A traição tem um elevado preço a pagar. O seu galardão é a morte. Todos aqueles que vivem deliberadamente a trair, especialmente traindo o Senhor Jesus Cristo, a Sua Amada Igreja e Obra em geral, o fim deles é a perdição eterna, se previamente não se arrependerem dos seus maus caminhos. Os traidores e injustos, tal como preceitua claramente a Palavra de DEUS, não herdarão a promessa da vida eterna (1Co 6:10; Ap 21:8). Não há falso Cristão ou ninguém que consiga enganar o Senhor Jesus Cristo, com a sua vida de hipocrisia ou mentira, saindo ileso, uma vez que Ele sabe de tudo e nada se furta ao Seu raio de conhecimento. 

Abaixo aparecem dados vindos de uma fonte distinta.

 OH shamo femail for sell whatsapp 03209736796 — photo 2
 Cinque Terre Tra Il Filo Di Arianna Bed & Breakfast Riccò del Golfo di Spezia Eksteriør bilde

Judas Iscariotes, sumaria Hernandes Dias Lopes, que subscrevo na íntegra, “é um alerta para nós sobre o perfeito conhecimento que Cristo tem de todo o seu povo. Jesus pode distinguir entre uma falsa profissão de fé e a verdadeira graça. A igreja pode ser enganada, mas Jesus não. Homens maus como Judas Iscariotes podem ocupar os postos mais altos na liderança da igreja, mas nunca enganarão Jesus. Jesus conhece aqueles a quem ele escolheu (13.18,19; 2Tm 2.19). Esse conhecimento de Jesus alerta os hipócritas sobre o arrependimento. Jesus deu todas as oportunidades para Judas Iscariotes se arrepender. Ele o chamou, o ensinou, o comissionou e lhes lavou os pés. Jesus o tratou como amigo. Deu-lhe todos os privilégios que deu aos outros discípulos”. No entanto, sabemos que, mesmo assim, Judas rejeitou todas essas nobres e graciosas oportunidades da salvação oferecidas pelo Senhor Jesus Cristo. 

Que o nosso Todo-Poderoso DEUS realmente nos livre do crime da traição e de toda a sorte de pecados. Que ELE nos ajude e nos oriente para os caminhos do amor, santidade, bondade, perdão, reconciliação, fidelidade, paz e, acima de tudo, da vida eterna. Que assim seja. E assim sempre será pela fé no nome Bendito do Senhor Jesus Cristo. Amém.